Asian bishops talk back to Vatican
Meeting in Thailand in early January, 160 bishops of the Federation of Asian Bishops' Conferences (FABC) remained committed "to the emergence of the 'Asianness' of the church in Asia," and subjected a Vatican official to sharp questioning about Rome's perspectives on the region.
It was the seventh plenary assembly of FABC in 30 years, and the first since the 1998 Asian Bishops' Synod. At the Synod, and again in his post-synod document, Ecclesia in Asia, a year later, John Paul II insisted that Asian bishops must evangelize mainly by proclaiming Jesus as unique savior. But the bishop-delegates at FABC respectfully disagreed, still insisting that as tiny minority churches in overwhelmingly Buddhist, Hindu and Muslim nations, they should rather evangelize by the unspoken witness of love and humble service, and by dialogue with the other Asian religions.

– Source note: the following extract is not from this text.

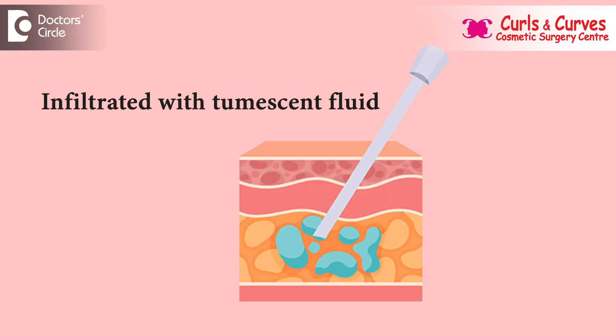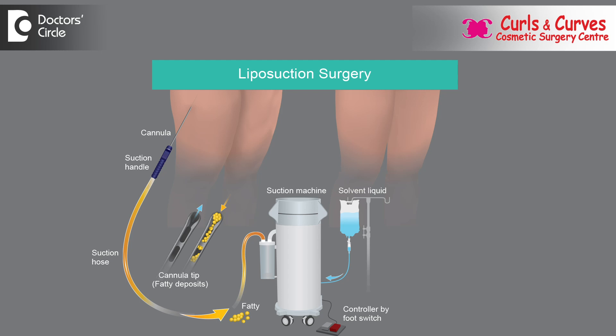To begin with, the part is infiltrated with the tumescent fluid — that is a medicated fluid — and this fluid will disperse and liquefy the fat. After that, we make around four to five mm tiny holes through which four to five mm cannulas are used to do the liposuction procedure. These holes are kept in a hidden area and heal very well without leaving any scars.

According to Tom Fox, who covered the Thailand meeting for NCR, Cardinal Jozef Tomko, the Vatican representative, told the Asian bishops their main agenda should be the study of the Pope's Ecclesia in Asia. That never happened. In fact, among 23 workshops, no one requested one to study the papal document. When Tomko criticized the "weak Christology in Asia," several bishops asked him what he meant. Tomko said he meant portraying Jesus as simply a prophet, but not the Son of God. The bishops demanded to know if he had found such a Christology at FABC. He said he had not. One bishop asked, amid laughter, if Rome would recognize an Asian Christ if it saw one.
In a final draft statement that reflected their pastoral autonomy and experience, the Asian bishops dealt with economic globalization and poverty. They called for wider collaboration with the laity, more inclusive- ness toward women and youth, and more small faith communities. They repeated their trademark allegiance to the "triple dialogue" - with culture, with the other religions, and with the poor. They recommitted themselves to "a new way of being Church."